Quando ero a Londra, una delle questioni che più venivano dibattute all’interno delle Direzioni Risorse Umane delle grandi aziende era quella di come reagire alla discriminazione di un dipendente da parte di un cliente. Cosa si fa, ci si chiedeva, se un cliente – e i nostri clienti erano enormi: multinazionali, fondi sovrani, talvolta direttamente il Tesoro di molti governi – discrimina la persona che mandiamo a rappresentare la banca? Se un fondo sovrano arabo rifiutasse per esempio di operare e di relazionarsi con una nostra “relationship manager” donna, cosa decideremmo di fare?
L’interrogativo mi è venuto in mente leggendo sul Corriere questa mattina del braccio di ferro tra Francia e Vaticano sull’ambasciatore designato di Parigi presso la Santa Sede, Laurent Stefanini: bravissimo e perfetto per l’incarico per universale riconoscimento, ma gay. Pare che il Papa in persona lo abbia convocato per comunicargli a quattr’occhi che da Oltretevere il gradimento nei suoi confronti non giungerà mai.

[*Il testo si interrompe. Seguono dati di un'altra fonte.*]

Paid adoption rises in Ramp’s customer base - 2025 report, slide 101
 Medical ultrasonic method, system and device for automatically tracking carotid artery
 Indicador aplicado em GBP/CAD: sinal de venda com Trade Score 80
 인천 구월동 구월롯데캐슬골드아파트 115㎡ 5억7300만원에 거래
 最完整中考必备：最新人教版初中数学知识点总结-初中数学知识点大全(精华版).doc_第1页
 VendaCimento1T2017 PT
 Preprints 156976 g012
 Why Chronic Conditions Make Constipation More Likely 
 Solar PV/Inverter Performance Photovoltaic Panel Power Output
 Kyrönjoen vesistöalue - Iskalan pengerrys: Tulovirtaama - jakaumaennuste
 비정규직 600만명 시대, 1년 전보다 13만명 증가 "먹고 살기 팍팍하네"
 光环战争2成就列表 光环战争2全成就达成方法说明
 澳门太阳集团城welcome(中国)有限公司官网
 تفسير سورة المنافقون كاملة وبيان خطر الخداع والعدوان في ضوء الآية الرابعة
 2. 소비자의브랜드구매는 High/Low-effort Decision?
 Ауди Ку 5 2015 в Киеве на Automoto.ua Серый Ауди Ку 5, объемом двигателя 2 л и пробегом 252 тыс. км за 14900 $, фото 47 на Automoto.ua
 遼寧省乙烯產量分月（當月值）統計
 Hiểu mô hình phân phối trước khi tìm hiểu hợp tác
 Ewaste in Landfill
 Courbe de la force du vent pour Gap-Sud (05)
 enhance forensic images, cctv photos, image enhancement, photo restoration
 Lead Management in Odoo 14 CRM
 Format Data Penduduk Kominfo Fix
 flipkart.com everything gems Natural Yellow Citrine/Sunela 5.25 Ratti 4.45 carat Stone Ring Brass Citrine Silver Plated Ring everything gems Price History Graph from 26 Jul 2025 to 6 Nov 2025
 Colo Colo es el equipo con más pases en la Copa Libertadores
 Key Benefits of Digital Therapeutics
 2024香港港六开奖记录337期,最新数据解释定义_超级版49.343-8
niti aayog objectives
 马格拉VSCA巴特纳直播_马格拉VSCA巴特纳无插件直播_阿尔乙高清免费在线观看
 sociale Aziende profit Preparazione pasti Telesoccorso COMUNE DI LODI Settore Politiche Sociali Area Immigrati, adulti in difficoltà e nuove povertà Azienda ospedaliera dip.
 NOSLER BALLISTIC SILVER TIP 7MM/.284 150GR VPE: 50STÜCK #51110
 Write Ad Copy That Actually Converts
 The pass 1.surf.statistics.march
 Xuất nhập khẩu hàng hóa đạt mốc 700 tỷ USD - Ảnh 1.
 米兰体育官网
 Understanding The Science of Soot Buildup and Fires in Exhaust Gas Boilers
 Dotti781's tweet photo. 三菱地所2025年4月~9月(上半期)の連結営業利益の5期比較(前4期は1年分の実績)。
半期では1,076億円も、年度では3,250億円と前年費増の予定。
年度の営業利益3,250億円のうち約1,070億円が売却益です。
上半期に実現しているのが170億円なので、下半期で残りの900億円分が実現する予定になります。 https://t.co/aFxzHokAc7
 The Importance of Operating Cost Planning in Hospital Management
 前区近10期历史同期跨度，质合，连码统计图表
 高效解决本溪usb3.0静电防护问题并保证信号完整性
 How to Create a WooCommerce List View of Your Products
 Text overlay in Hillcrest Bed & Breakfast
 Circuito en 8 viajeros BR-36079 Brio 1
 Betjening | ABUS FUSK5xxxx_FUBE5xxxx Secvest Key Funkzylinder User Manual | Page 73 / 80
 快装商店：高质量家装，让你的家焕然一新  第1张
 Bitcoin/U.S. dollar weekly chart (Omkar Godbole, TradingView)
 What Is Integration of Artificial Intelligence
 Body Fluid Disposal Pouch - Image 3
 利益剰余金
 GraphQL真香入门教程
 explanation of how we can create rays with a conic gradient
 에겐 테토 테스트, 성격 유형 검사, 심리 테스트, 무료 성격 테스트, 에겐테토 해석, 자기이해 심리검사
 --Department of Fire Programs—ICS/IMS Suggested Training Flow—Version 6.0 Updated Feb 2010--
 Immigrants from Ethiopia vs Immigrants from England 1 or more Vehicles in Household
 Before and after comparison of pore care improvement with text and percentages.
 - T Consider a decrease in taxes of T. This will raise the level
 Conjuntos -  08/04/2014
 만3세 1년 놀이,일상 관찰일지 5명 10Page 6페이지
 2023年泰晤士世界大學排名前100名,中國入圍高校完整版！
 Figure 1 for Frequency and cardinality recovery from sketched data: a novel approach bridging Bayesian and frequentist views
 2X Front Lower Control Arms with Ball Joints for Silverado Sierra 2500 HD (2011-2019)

Nel chiedermi cosa deciderà di fare François Hollande, se tenere il punto o cedere alla decisione di Francesco, mi sono dunque ricordato di quale sarebbe stata secondo deontologia professionale l’unica risposta possibile al mio Direttore Generale se fossi stato il Direttore Risorse Umane e mi fosse stato chiesto come procedere in un caso del genere. “Noi scegliamo sempre la persona migliore per l’incarico, senza discriminazioni e indipendentemente dalle sue caratteristiche personali – gli avrei detto – e questo è un tratto costitutivo della nostra cultura aziendale. Se il cliente si rifiuta di trattare con un nostro dipendente, Direttore, noi non scegliamo in nessun caso di perdere la nostra identità. Preferiamo perdere il cliente.”